4. Die Voraussetzungen des § 98 Abs 3 Alt 1 SGB 12 sind auch erfüllt, wenn ein Hilfeempfänger kurze Zeit vor seinem Tode wegen des sich verschlechternden Gesundheitszustandes in ein Krankenhaus gebracht werden muss und die Kosten dort von einer Krankenkasse getragen werden, so dass für diese Zeit Sozialhilfeleistungen nicht zu gewähren waren und daher eingestellt wurden.
Tatbestand
Der Kläger begehrt von dem Beklagten Kostenerstattung gemäß den § 102 SGB X iVm § 43 SGB I.
Der Kläger leistete bis 31.01.2005 Hilfe zur Pflege nach den Bestimmungen des SGB XII (Bl. 91 VA) für Herrn L, geb. 17.05.1928, zuletzt wohnhaft im Sozialzentrum der Arbeiterwohlfahrt in 36241 B-Stadt. Die Bewilligung der Hilfe erfolgte jeweils monatlich durch Begleichung der Rechnung. Ein mit Bescheid vom 25.01.2005 bewilligter Barbetrag wurde nicht an diesen ausgezahlt, sondern am Monatsende von dem einzusetzenden Einkommen des Herrn L abgesetzt. Herr L verstarb am 9.02.2005 im örtlichen Zuständigkeitsbereich des Beklagten. Der gewöhnliche Aufenthalt des Herrn L lag vormals im Zuständigkeitsbereich des Klägers, er befand sich lediglich aufgrund seiner Pflegebedürftigkeit im Sozialzentrum in B-Stadt.

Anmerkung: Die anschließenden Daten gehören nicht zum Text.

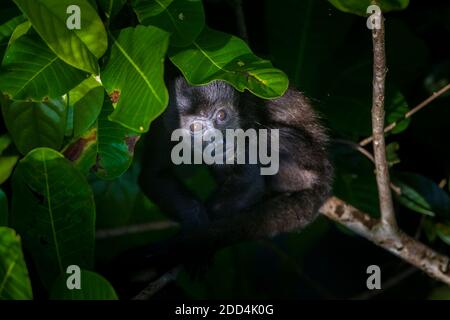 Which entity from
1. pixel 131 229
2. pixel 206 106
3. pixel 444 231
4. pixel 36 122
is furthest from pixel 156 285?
pixel 444 231

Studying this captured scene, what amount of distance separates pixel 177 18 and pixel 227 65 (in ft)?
0.68

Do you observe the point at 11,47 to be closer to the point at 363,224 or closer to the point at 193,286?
the point at 363,224

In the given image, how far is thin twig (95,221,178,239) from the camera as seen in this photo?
3.46 m

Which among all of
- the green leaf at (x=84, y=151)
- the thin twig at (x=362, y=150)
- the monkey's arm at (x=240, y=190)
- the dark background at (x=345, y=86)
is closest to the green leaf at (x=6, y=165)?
the green leaf at (x=84, y=151)

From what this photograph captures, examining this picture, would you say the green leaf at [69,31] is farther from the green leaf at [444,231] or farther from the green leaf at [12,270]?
the green leaf at [444,231]

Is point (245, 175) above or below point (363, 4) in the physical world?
below

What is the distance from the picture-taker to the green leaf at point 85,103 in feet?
6.85

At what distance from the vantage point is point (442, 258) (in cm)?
287

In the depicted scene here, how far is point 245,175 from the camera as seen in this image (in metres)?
3.04

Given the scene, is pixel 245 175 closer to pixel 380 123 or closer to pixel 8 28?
pixel 380 123

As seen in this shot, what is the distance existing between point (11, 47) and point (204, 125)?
3.97ft

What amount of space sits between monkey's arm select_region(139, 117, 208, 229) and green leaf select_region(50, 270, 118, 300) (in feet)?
3.78

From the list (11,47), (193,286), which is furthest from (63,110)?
(193,286)

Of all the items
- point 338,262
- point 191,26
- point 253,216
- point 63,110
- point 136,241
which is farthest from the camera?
point 338,262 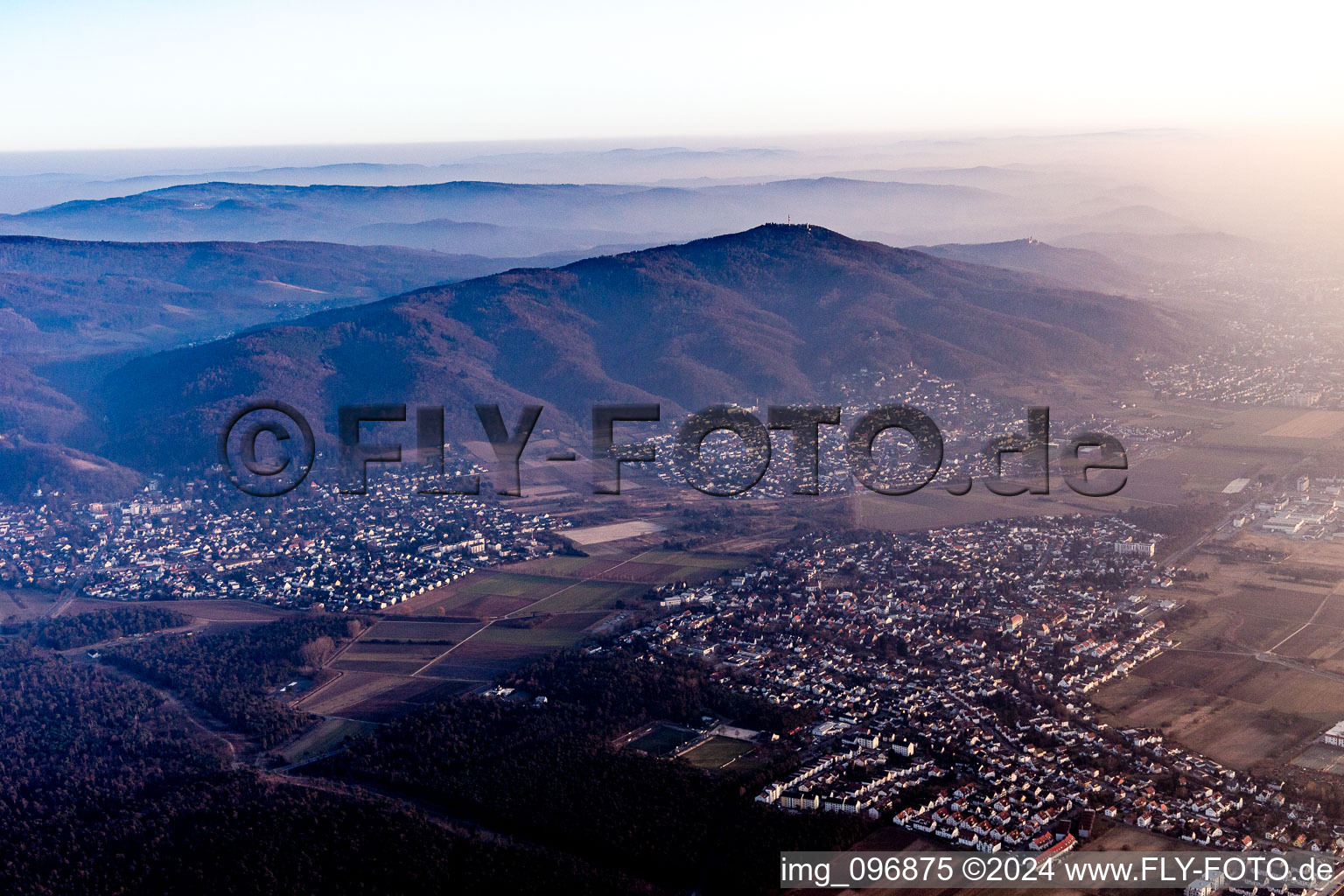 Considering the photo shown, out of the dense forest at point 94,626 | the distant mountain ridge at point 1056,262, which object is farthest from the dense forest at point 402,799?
the distant mountain ridge at point 1056,262

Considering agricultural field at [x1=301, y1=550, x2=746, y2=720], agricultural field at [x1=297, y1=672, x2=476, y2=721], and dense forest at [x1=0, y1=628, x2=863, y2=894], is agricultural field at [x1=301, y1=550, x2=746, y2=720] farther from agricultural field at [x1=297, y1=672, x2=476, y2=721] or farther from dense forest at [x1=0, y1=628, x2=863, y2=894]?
dense forest at [x1=0, y1=628, x2=863, y2=894]

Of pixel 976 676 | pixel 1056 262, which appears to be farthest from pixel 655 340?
pixel 1056 262

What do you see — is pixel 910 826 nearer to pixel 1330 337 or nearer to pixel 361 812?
pixel 361 812

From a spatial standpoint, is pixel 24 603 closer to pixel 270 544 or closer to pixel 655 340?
pixel 270 544

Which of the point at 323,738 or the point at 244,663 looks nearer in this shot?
the point at 323,738

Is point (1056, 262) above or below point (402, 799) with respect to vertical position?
above

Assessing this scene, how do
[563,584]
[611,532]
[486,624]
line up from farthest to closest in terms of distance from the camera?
[611,532] → [563,584] → [486,624]

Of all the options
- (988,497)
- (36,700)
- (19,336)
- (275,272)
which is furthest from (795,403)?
(275,272) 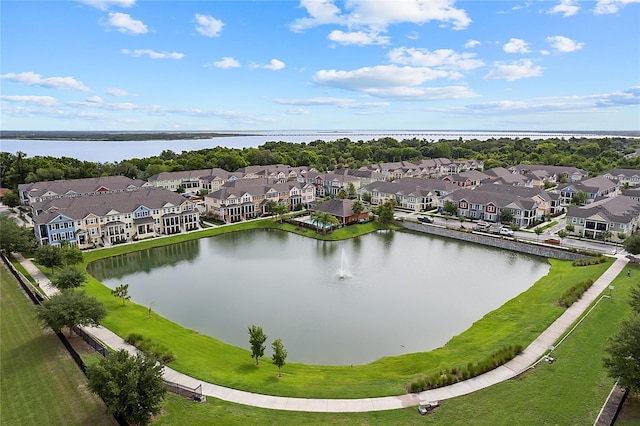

Im Monat Februar 2005 erbrachte der Kläger keine Sozialhilfeleistungen mehr, da das Einkommen von Herrn L in Form von Renteneinkünften und den Leistungen der Pflegekasse zur Bestreitung der Heimpflegekosten bis zu seinem Todestag ausreichte. Der Kläger erhielt für diesen Monat keine Rechnung vom Pflegeheim, in dem sich Herr L bis zu seinem Tod befand.
Mit bei dem Beklagten eingegangenen Schreiben vom 10.02.2005 (Bl. 94 VA) beantragte die Tochter des Verstorbenen, Frau L, beim Kläger die Übernahme der Bestattungskosten. Den Antrag leitete der Kläger am 17.02.2005 (Bl. 97 VA) an den Beklagten weiter, da nach Ansicht des Klägers der Beklagte für die Übernahme der Bestattungskosten örtlich zuständig sei. Der Beklagte bestritt seine örtliche Zuständigkeit. Daraufhin erbrachte der Kläger mit Bescheid vom 27.04.2005 die bei ihm beantragten Bestattungskosten.
Mit Schreiben vom 3.02.2006 machte der Kläger gegenüber dem Beklagten einen Kostenerstattungsanspruch in Höhe von 2.718,00 € geltend. Diesen lehnte der Beklagte am 8.03.2006 mit der Begründung ab, dass Herr L bis zu seinem Tode einen Anspruch auf Leistungen der Grundsicherung gegen den Kläger gehabt hätte. Mit Schreiben vom 17.05.2006 forderte der Kläger den Beklagten erneut zur Zahlung auf. Mit Schreiben vom 7.06.2006 lehnte der Beklagte eine Erstattung der Kosten endgültig ab.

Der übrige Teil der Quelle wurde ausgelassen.